Mary, Queen of Scots appointed him tailor to her son on 24 January 1567.[3] In July 1567 the Privy Council ordered him to make coronation robes for James from fine crimson velvet, blue velvet, red taffeta, and fur.[4]
His work took him between Edinburgh and Stirling Castle, where the infant king was kept by the Earl of Mar and Annabell Murray. The ruler of Scotland, Regent Moray bought him a horse in February 1569 for £30, provided by Jerome Bowie, the keeper of the king's wine cellar.[5]
Inglis became involved in the Marian Civil War. On 22 April 1571 two Marian supporters, Arthur Hamilton of Merrynton and Alexander Baillie of Lamington, captured him near St Cuthbert's Church in Edinburgh.[6] He was returning from Stirling Castle, where he had been fitting the king's clothes. Inglis was released two days later after the Deacon of Crafts had spoken with William Kirkcaldy of Grange, Captain of Edinburgh Castle.[7]
William Betoun was appointed as embroiderer to the King on 25 July 1573.[8] Inglis supervised a workshop of craftsmen who were rarely mentioned in the royal accounts, but in May 1578 the young King ordered that Inglis' "servandis" should be given "drinksilver", a kind of tip, for their efforts.[9]

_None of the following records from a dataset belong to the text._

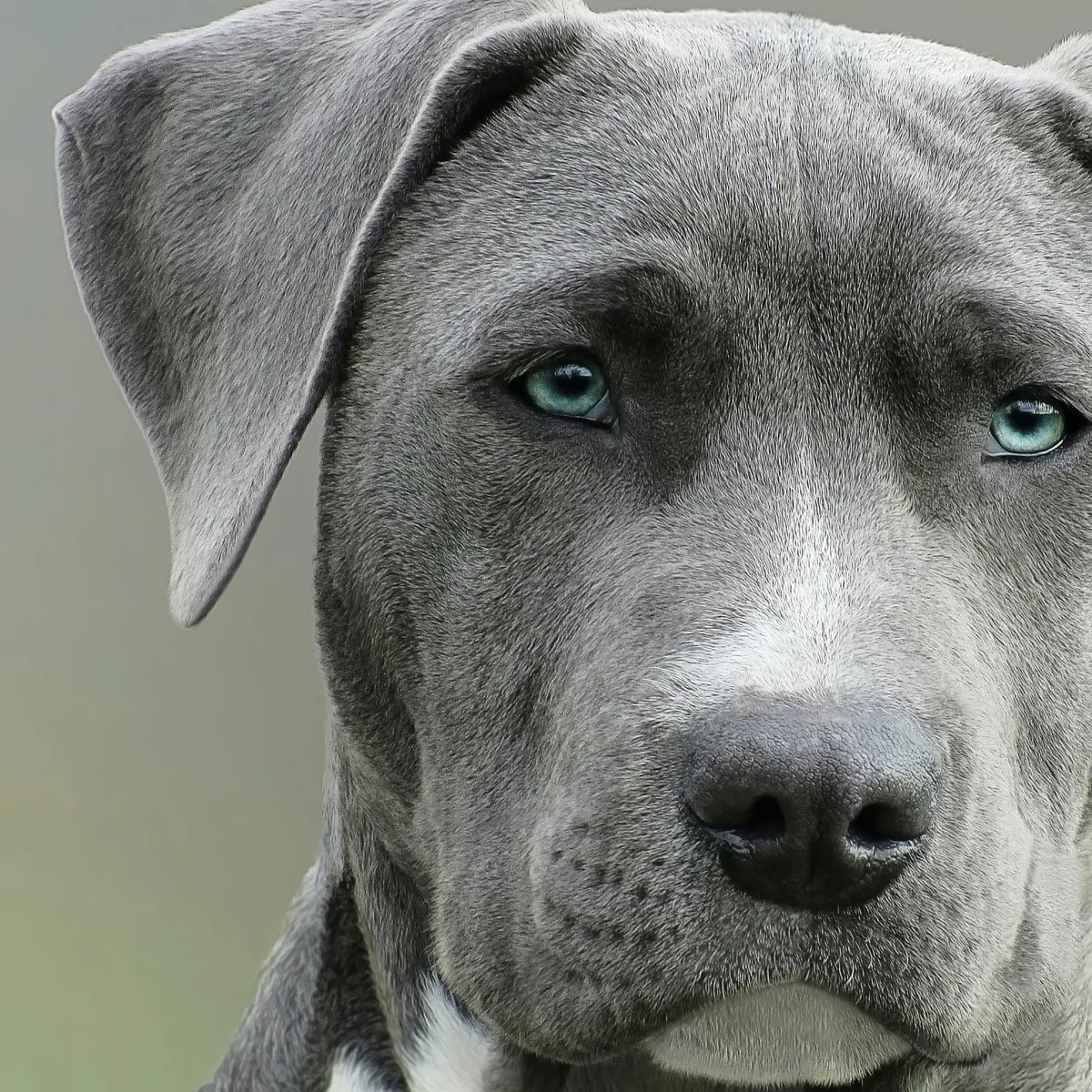 Recognizing and Managing Hives (Urticaria) in Dogs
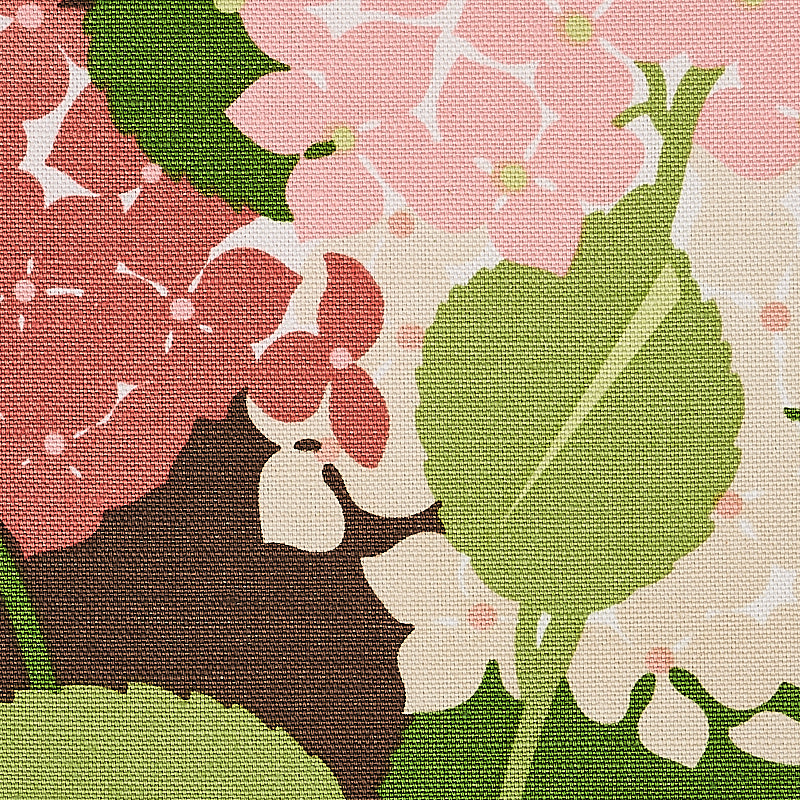 HYDRANGEA | Pink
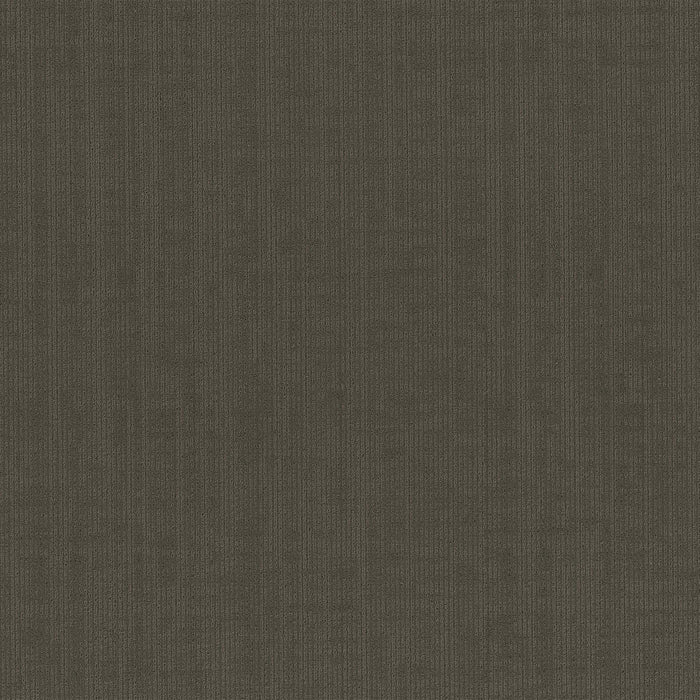 Omnia Broadloom APEX SDP Polyester Certainty 3388 Carpet Loop 1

In May 1590, James Inglis worked on costumes for a Highland dance and a sword dance performed at the entry and coronation of Anne of Denmark.[10] In October 1590, James Inglis collaborated with another tailor, Alexander Miller, to make a costume for an African servant at court, who is known only as the "Moir",[11][12] including an orange velvet "jupe" and breeches and a doublet of shot-silk Spanish taffeta festooned with white satin passementerie.[13]

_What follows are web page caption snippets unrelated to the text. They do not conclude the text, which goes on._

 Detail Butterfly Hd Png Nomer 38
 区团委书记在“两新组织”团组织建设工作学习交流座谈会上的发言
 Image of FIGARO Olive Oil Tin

James Inglis continued as the king's tailor into the 17th century, serving in total for 32 years.[14] He was petitioning for payment of his annual fee in June 1611. The money had been paid by George Home, 1st Earl of Dunbar as master of the Royal Wardrobe.[15]
Marriages and children
His first wife was Françoise Mullinno, who died in 1569. Her will mentions a pair of gold bracelets and a silver girdle which she left to her sister. She gave her clothes to family and friends and small token gifts to her husband's apprentices and her servant Helen Kello.
References
- ↑ Amy L. Juhala, 'Edinburgh and the Court of James VI', Julian Goodare & Alasdair A. MacDonald, Sixteenth-Century Scotland (Brill, 2008), p. 360.
- ↑ This transaction was printed, in Papers relative to the marriage of King James the Sixth of Scotland, with the Princess Anna of Denmark (Edinburgh, 1828), p.21
- ↑ Gordon Donaldson, Register of the Privy Seal: 1567-1574, vol. 6 (Edinburgh, 1963), p. 389 no. 2049: vol. 5, p. 253 no. 3180.
- ↑ Charles Thorpe McInnes & Athol Murray, Accounts of the Treasurer of Scotland, vol. 12 (Edinburgh, 1970), p. 67: Maria Hayward, Stuart Style (Yale, 2020), p. 44.
- ↑ Charles Thorpe McInnes & Athol Murray, Accounts of the Treasurer of Scotland, vol. 12 (Edinburgh, 1970), p. 67.
- ↑ John Graham Dalyell, Journal of the Transactions in Scotland, by Richard Bannatyne (Edinburgh, 1806), p. 113.
- ↑ Memoriales of Transactions in Scotland (Edinburgh, 1836) p. 111-2.
- ↑ Gordon Donaldson, Register of the Privy Seal: 1567-1574, vol. 6 (Edinburgh, 1963), p. 387 no. 2042.
- ↑ Charles Thorpe McInnes & Athol Murray, Accounts of the Treasurer of Scotland, vol. 13 (Edinburgh, 1978), p. 203.
- ↑ Marguerite Wood, Extracts from the Records of the Burgh of Edinburgh: 1589-1603 (Edinburgh, 1927), pp. 330-31
- ↑ See, 'Mor(e), Moir', Dictionary of the Older Scottish Tongue
- ↑ Nandini Das, João Vicente Melo, Haig Z. Smith, Lauren Working, Blackamoor/Moor, Keywords of Identity, Race, and Human Mobility in Early Modern England (Amsterdam, 2021), pp. 40-50
- ↑ Jemma Field, Anna of Denmark: The Material and Visual Culture of the Stuart Courts (Manchester, 2020), pp. 169-71: Michael Pearce, 'Anna of Denmark: Fashioning a Danish Court in Scotland', The Court Historian, 24:2 (2019), pp. 143-4: James Thomson Gibson-Craig, Papers Relative to the Marriage of King James the Sixth of Scotland (Edinburgh, 1836), p. 21
- ↑ R. A. Houston, Punishing the dead?: Suicide, Lordship, and Community in Britain, 1500-1830 (Oxford, 2010), pp. 56-7.
- ↑ Register of the Privy Council, 1603-1613, vol. 9 (Edinburgh, 1889), pp. 703-4.